1. Cut off the end of the wire (for nice clean copper) and strip back the insulation a bit.

2. Heat up the iron and prep it (apply solder, wipe it off along with oxides, maybe apply more solder; it should be shiny and wet, but not with globs of stuff on it)

3. Tin the exposed copper wire. Heat it up while applying solder, until the solder flows through the strands freely. Too hot/too long means that a bunch of solder flows down past the insulation, which isn't ideal. Too cold/not long enough means that it kind of globs instead of flows. Perfect is somewhere in the middle. Set it aside to cool down.

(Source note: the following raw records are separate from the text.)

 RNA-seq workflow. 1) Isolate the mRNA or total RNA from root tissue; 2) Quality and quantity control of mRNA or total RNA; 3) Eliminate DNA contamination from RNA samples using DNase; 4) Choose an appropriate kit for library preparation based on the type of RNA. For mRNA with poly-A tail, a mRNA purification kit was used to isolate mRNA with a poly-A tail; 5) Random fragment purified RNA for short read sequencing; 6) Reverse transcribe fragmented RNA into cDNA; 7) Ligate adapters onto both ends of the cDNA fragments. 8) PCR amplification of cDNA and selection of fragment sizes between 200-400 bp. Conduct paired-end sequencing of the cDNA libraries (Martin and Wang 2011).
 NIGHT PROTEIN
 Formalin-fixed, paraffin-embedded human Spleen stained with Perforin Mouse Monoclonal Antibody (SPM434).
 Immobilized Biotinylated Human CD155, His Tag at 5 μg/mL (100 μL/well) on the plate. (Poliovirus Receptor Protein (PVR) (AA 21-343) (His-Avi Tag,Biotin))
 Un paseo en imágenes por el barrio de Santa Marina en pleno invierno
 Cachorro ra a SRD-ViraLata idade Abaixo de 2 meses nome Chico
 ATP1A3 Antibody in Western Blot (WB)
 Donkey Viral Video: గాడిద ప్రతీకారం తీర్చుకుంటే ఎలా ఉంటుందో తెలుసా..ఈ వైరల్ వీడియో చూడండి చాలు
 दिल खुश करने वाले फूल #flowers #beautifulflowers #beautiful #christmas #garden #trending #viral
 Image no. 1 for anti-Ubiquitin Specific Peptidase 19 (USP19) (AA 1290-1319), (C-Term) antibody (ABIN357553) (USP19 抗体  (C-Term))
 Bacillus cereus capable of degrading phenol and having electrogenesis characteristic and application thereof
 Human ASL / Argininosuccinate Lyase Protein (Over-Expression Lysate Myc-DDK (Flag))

4. Tin the terminal. Just heat it up with solder applied, until there's a neat little easily-flowing pool of it, and then let it cool down some. If the solder's flux core starts to burn, you're taking too long. If it blobs, it's not hot enough or not clean enough. Somewhere in the middle is, again, perfect.

5. Stick them together. Place the tinned wire on the tinned terminal so they "want" to rest together naturally (there's jigs that help with this kind of fixturing). And then, heat up the combination of the two with the iron. The solder that's mixed up with the wire will become one with the pool of solder on the terminal, and that's good. Often, there's no additional solder required for this step (but sometimes it's useful to add more). Again: Too hot and the solder flows away and the flux burns. Too cold, and it looks weird and instead of glassy. In the middle is good.

6. Remove heat. Don't move anything but the iron; just let the temperature drop until things turn solid.

Anyway, wire is easy to find. And a bag of cheap switches shouldn't cost too much. :)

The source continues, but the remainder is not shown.